» **EXERCISE DETAILS**
Reproduce from the records below, with no pictures, exactly the lines between the one containing "Hi. Let's talk" and the one containing "I am Ramesh", inclusive.

» **RECORDS PROVIDED**
____________

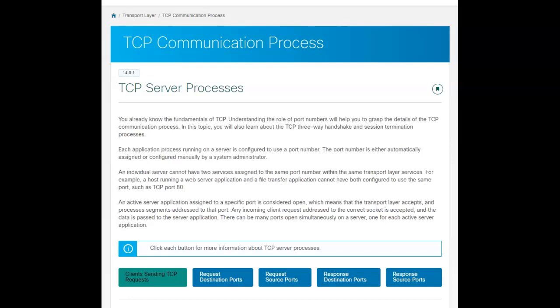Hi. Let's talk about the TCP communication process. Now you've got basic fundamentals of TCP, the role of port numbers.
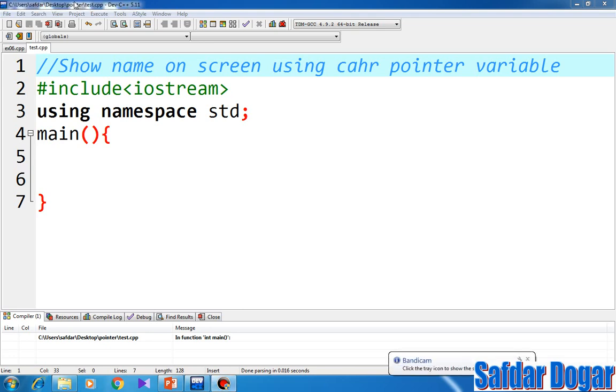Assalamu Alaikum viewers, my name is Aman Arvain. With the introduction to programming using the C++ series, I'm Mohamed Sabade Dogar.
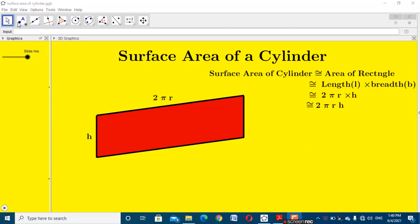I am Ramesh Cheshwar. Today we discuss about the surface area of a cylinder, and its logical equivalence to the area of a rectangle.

____________

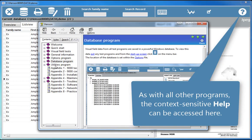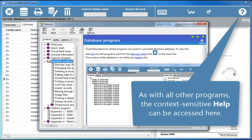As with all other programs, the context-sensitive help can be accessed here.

____________

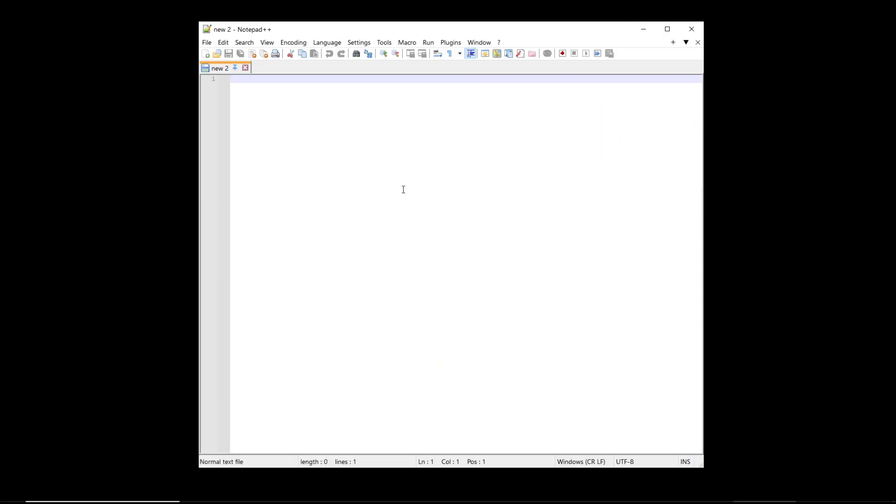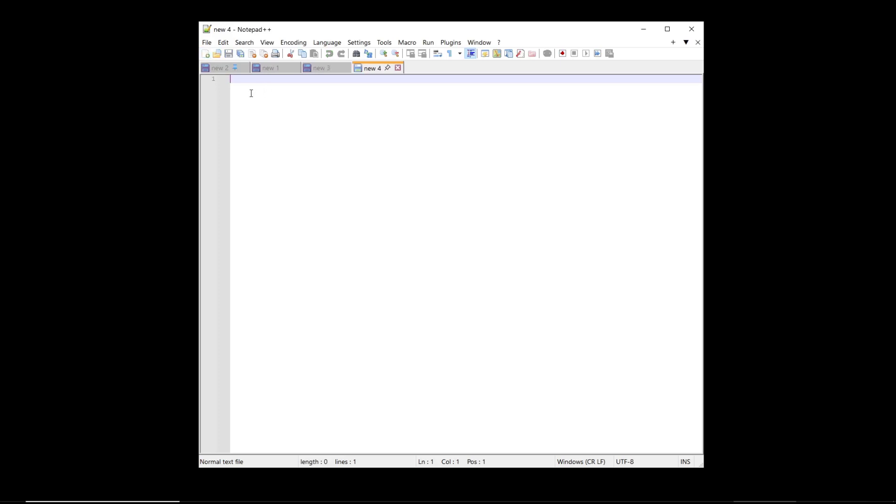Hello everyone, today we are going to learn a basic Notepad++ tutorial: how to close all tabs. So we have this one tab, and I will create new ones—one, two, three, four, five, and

____________

» **TASK SOLUTION**
Hi. Let's talk about the TCP communication process. Now you've got basic fundamentals of TCP, the role of port numbers.
Assalamu Alaikum viewers, my name is Aman Arvain. With the introduction to programming using the C++ series, I'm Mohamed Sabade Dogar.
I am Ramesh Cheshwar. Today we discuss about the surface area of a cylinder, and its logical equivalence to the area of a rectangle.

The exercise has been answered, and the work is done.